Reynolds resided here until 1914, at which time the property passed to accountant Phinechas Bear Selig. It appears Engehurst was converted to flats c. 1922, initially named Silsoe Flats, and later Craigieburn Flats. The building has associations with a number of prominent local identities in both social and political circles and as a reflection of the type of development which was common to the area in the early nineteenth century.

== Description ==
The site of Engehurst was part of the original 7 acre grant to Hely and Francis Nicholas Rossi.

===House===
The building has a simple facade treatment which follows the form and detailing of the original design: a two- to three-storey rendered-stone residence in the Victorian Georgian style. A three-storey gabled section fronting onto Ormond Street has galvanised iron roof and boxed eaves, decorative timber bargeboards and gable screen. Walls are rendered masonry, ashlar lined, and feature stucco string course below eaves. Windows to eastern facade are randomly placed, and are timber multi-paned double hung or casement. An entrance at the southern end has multi-paned door, top and side lights. A small gabled porch supported by timber posts on a rendered masonry base, has decorative timber barge board, gable end, and plasterboard lining to the underside.

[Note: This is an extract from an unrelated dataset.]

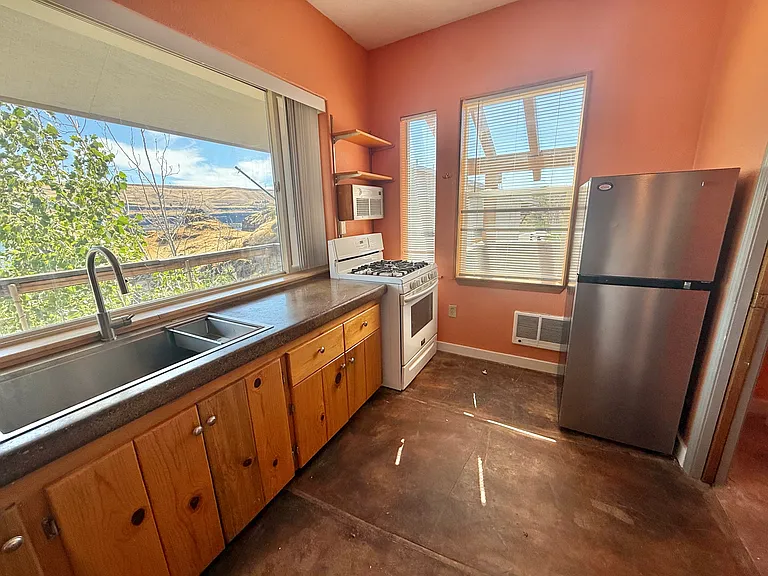 376 Fallbridge Rd — Photo 12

The northern facade is a parapet wall, and features Classical detailing, including stone pilasters supporting entablatures at both ground and first-floor level. Bare sandstone at ground level, rendered and lined at first-floor level. Tall narrow timber double-hung windows at ground level, stone sills, and internal security grilles. Windows at first-floor level have segmental arched heads and stucco architraves.

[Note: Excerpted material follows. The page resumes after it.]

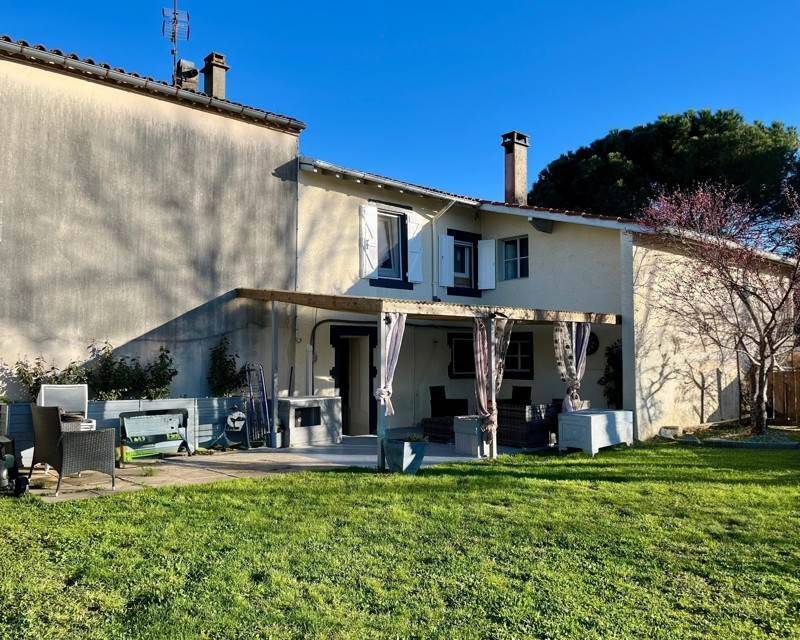 Maison 5 pièces 117 m² · à Revel · 117 m² · 195 000 €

A three-storey timber-framed addition to the north eastern corner has gable roof with galvanised iron sheeting, similar barge board and gable screen. Exposed timber frame, timber lattice infill at ground level, fibre cement infill to upper floors. Windows are multi-paned casement, unframed sliding glass windows at second-floor level have internal concertina style shutters. Terra cotta tiled courts behind stone and cast-iron fence to Ormond Street.

A plaque erected by the Lions Club of Paddington for the bicentenary reads 'Engehurst 1835 Facade of John Verge's Georgian Mansion built for Augustus Hely.'
Style: Victorian Georgian
External Materials: Sandstone walls, sections rendered and ashlar lined. Galvanised iron sheeting to roof, timber bargeboards and gable screens. Timber-framed addition, fibre cement panels. Timber double hung or casement windows, multi-paned door.
Internal Materials: Unseen.

=== Condition ===

As at 25 January 2013, the building's simple facade treatment follows the form and detailing of the original design. The building has some research potential and would have some archaeological potential due to the time it has been in place.

=== Modifications and dates ===
There are two three-storey brick apartment buildings to the north and south. Alterations include, the replacement of a paling fence and concrete retaining wall to the rear alignment with a new concrete block wall in 1972, and the renovation of existing external metal stairs in 1983. In 1987 alterations included bathroom and kitchen renovations, the restoration of the rear balcony, construction of new laundries into existing hallways, and new internal stairs. Conservation work to existing fabric was also undertaken at this time, and included repairs to existing joinery, surfaces and finishes, and some repainting.

== Heritage listing ==
Engehurst was listed on the New South Wales State Heritage Register on 2 April 1999.